| Data records |
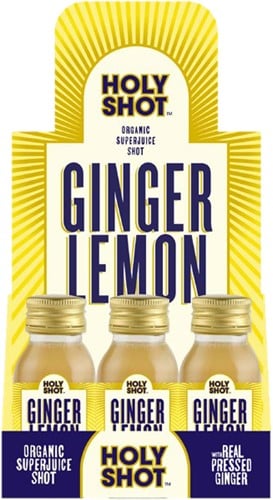 HOLYSHOT Ginger Lemon (12 x 60 ml)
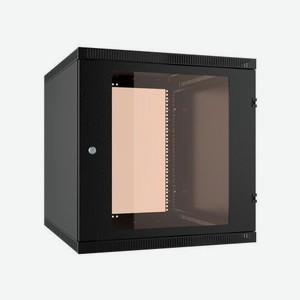 Шкаф коммутационный NT 176959 настенный, стеклянная передняя дверь, 6U, 600x340x350 мм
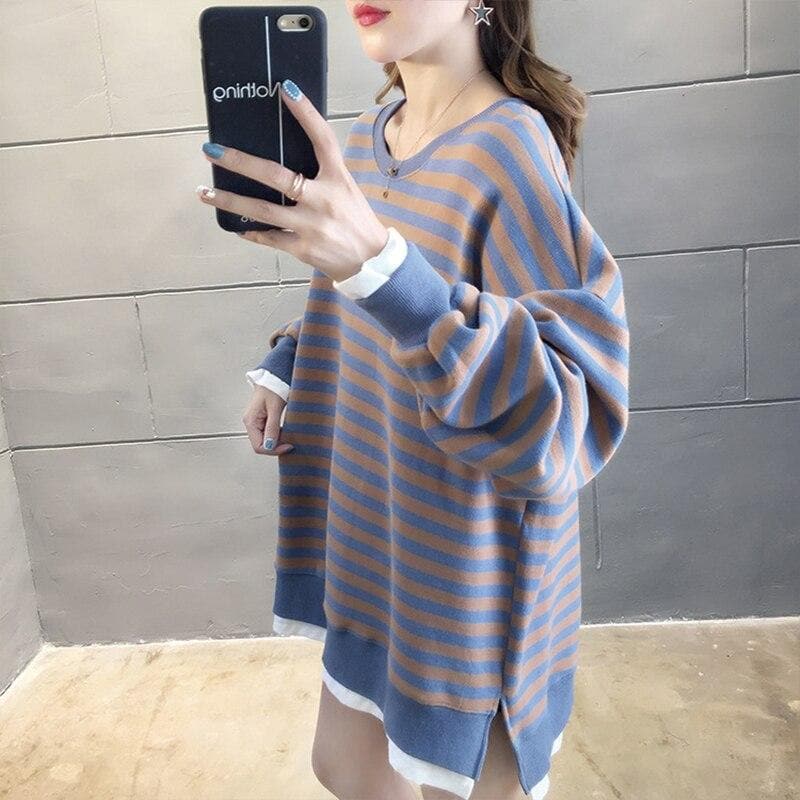 Striped Longsleeve Shirt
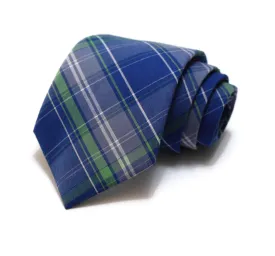 Nautical Newport Plaid Necktie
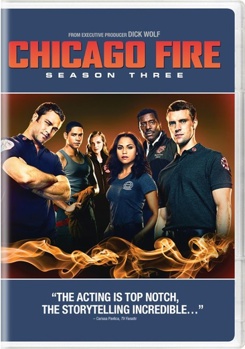 DVD Chicago Fire: Season Three Book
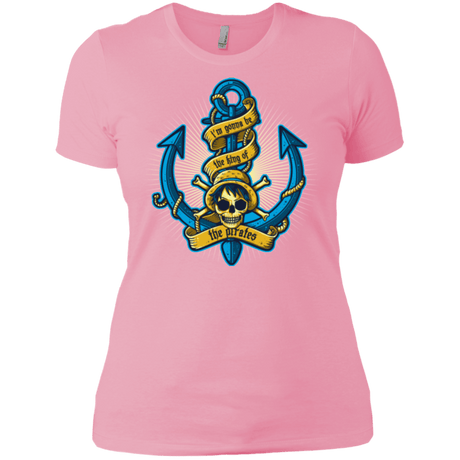 T-Shirts Light Pink / X-Small KING OF PIRATES Women's Premium T-Shirt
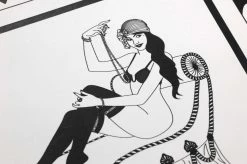 Tapete 1920's Glamour Schwarz 7 Tapete 1920's Glamour Schwarz -Geschaft Tapeten 355111 B 1920S Glamour 2880x1440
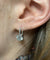 3.48ctw Diamond Earrings White Gold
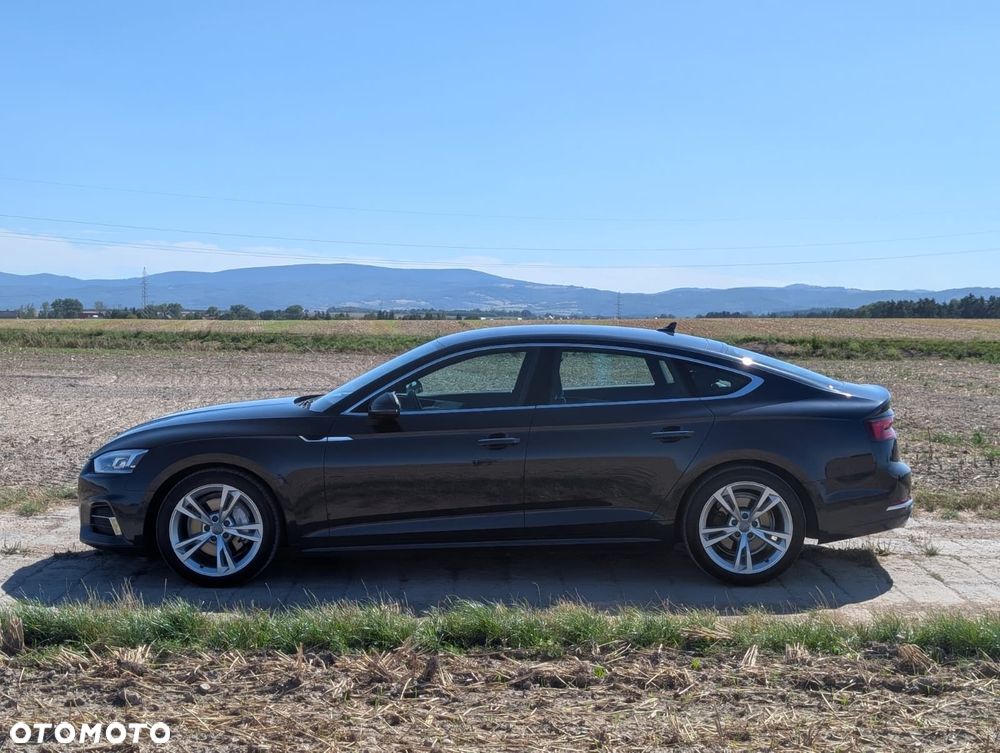 Audi A5 Sportback 40 TDI Sport S tronic - 8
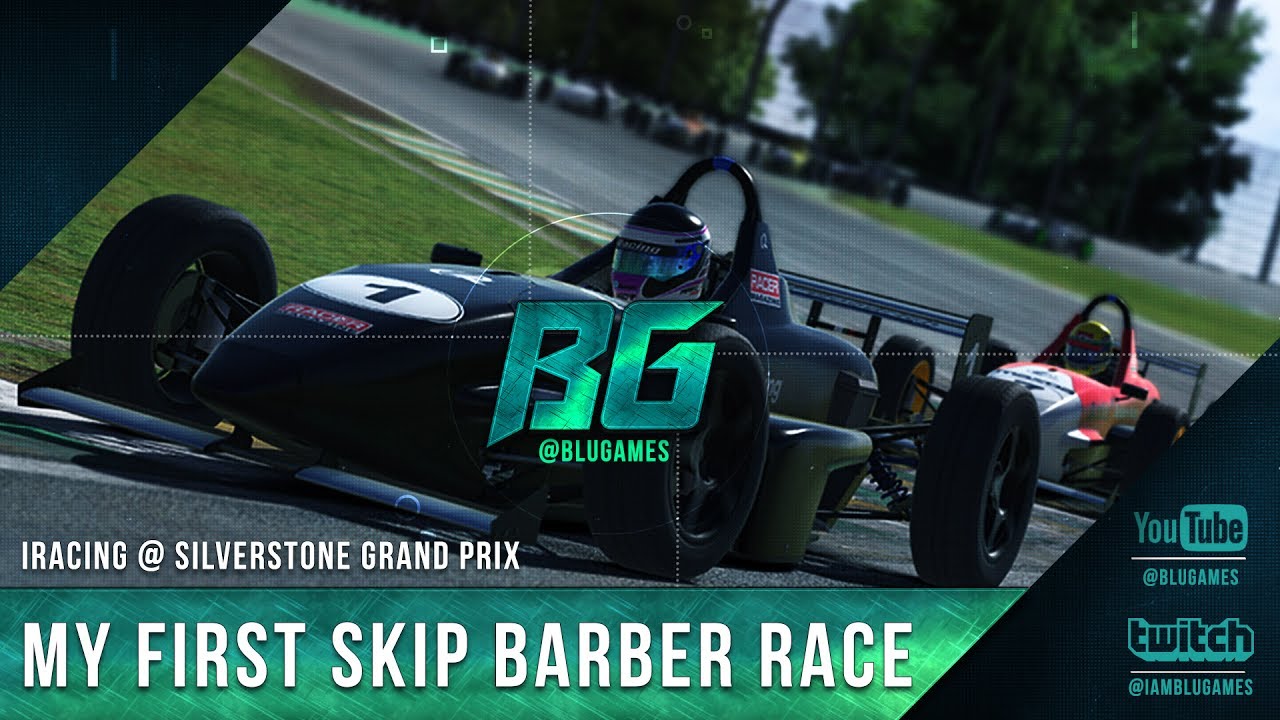 iracing download iRacing - My First Skip Barber Race @ Silverstone Grand Prix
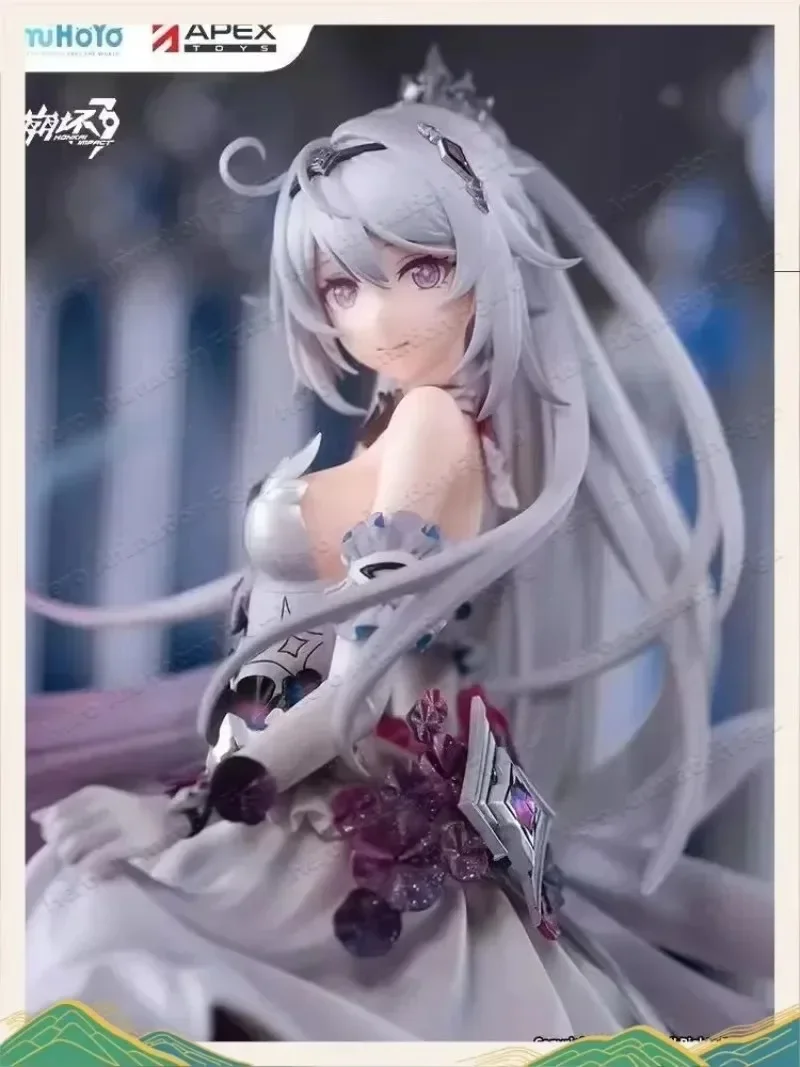 In Stock [APEX/miHoYo] Honkai Impact 3rd Kiana Night Invitation Ver.1/7 Figure Model Collection Toy Gift Collection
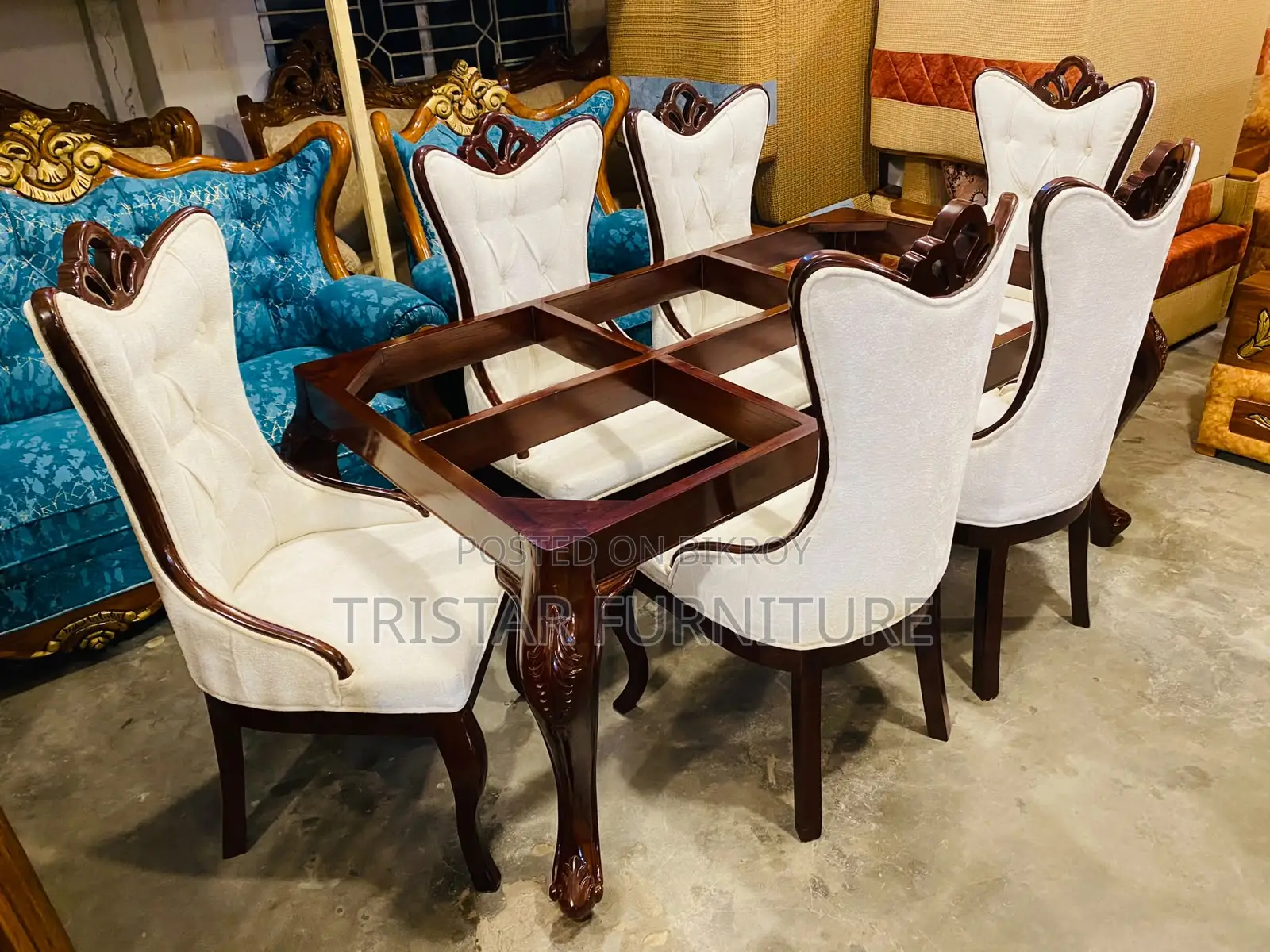 আধুনিক ডিজাইন ডাইনিং টেবিল সেট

| What is required |
Beginning at the line that contains "Striped Longsleeve Shirt", copy each remaining line of the records exactly, through the final one. Omit the pictures.

| Reply to the task |
 Striped Longsleeve Shirt
 Nautical Newport Plaid Necktie
 DVD Chicago Fire: Season Three Book
 T-Shirts Light Pink / X-Small KING OF PIRATES Women's Premium T-Shirt
 Tapete 1920's Glamour Schwarz 7 Tapete 1920's Glamour Schwarz -Geschaft Tapeten 355111 B 1920S Glamour 2880x1440
 3.48ctw Diamond Earrings White Gold
 Audi A5 Sportback 40 TDI Sport S tronic - 8
 iracing download iRacing - My First Skip Barber Race @ Silverstone Grand Prix
 In Stock [APEX/miHoYo] Honkai Impact 3rd Kiana Night Invitation Ver.1/7 Figure Model Collection Toy Gift Collection
 আধুনিক ডিজাইন ডাইনিং টেবিল সেট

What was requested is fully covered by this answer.